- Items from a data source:
*****

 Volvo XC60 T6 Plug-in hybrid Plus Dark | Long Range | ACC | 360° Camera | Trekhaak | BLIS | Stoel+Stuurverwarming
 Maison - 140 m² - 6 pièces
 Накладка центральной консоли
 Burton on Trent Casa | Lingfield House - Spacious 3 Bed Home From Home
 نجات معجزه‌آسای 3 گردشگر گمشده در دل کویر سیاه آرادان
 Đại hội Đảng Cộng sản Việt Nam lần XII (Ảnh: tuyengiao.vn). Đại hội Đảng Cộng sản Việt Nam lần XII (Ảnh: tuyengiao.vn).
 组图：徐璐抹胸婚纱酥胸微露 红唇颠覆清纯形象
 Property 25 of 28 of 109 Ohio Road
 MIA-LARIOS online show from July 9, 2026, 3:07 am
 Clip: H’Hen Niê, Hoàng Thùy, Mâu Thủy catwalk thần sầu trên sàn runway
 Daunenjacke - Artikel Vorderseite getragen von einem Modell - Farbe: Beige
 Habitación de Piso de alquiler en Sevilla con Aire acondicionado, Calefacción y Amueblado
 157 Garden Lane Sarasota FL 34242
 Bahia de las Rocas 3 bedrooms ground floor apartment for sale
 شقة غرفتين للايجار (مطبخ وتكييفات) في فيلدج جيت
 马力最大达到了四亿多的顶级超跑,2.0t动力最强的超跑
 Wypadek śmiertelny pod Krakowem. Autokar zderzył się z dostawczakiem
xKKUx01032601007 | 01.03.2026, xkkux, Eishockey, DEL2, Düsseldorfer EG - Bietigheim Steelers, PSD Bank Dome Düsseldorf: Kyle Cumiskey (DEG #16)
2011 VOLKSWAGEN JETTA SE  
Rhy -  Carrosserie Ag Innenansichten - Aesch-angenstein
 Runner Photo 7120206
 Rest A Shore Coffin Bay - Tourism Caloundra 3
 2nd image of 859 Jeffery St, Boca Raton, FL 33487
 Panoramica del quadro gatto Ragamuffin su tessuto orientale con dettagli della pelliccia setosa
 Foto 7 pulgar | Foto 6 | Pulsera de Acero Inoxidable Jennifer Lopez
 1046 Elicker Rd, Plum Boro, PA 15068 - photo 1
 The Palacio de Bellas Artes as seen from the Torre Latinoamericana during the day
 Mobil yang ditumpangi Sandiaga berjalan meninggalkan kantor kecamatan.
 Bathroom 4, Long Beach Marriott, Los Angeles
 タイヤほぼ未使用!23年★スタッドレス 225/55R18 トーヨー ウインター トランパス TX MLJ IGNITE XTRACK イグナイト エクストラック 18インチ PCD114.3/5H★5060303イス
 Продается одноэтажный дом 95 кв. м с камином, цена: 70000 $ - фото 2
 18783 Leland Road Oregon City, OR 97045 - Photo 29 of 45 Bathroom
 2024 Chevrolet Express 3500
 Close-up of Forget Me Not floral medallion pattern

*****

- WORK TO BE COMPLETED: Beginning with the line that has "Bahia de las", set down every line of the entries above through the final one, unchanged.

- THE ANSWER:
 Bahia de las Rocas 3 bedrooms ground floor apartment for sale
 شقة غرفتين للايجار (مطبخ وتكييفات) في فيلدج جيت
 马力最大达到了四亿多的顶级超跑,2.0t动力最强的超跑
 Wypadek śmiertelny pod Krakowem. Autokar zderzył się z dostawczakiem
xKKUx01032601007 | 01.03.2026, xkkux, Eishockey, DEL2, Düsseldorfer EG - Bietigheim Steelers, PSD Bank Dome Düsseldorf: Kyle Cumiskey (DEG #16)
2011 VOLKSWAGEN JETTA SE  
Rhy -  Carrosserie Ag Innenansichten - Aesch-angenstein
 Runner Photo 7120206
 Rest A Shore Coffin Bay - Tourism Caloundra 3
 2nd image of 859 Jeffery St, Boca Raton, FL 33487
 Panoramica del quadro gatto Ragamuffin su tessuto orientale con dettagli della pelliccia setosa
 Foto 7 pulgar | Foto 6 | Pulsera de Acero Inoxidable Jennifer Lopez
 1046 Elicker Rd, Plum Boro, PA 15068 - photo 1
 The Palacio de Bellas Artes as seen from the Torre Latinoamericana during the day
 Mobil yang ditumpangi Sandiaga berjalan meninggalkan kantor kecamatan.
 Bathroom 4, Long Beach Marriott, Los Angeles
 タイヤほぼ未使用!23年★スタッドレス 225/55R18 トーヨー ウインター トランパス TX MLJ IGNITE XTRACK イグナイト エクストラック 18インチ PCD114.3/5H★5060303イス
 Продается одноэтажный дом 95 кв. м с камином, цена: 70000 $ - фото 2
 18783 Leland Road Oregon City, OR 97045 - Photo 29 of 45 Bathroom
 2024 Chevrolet Express 3500
 Close-up of Forget Me Not floral medallion pattern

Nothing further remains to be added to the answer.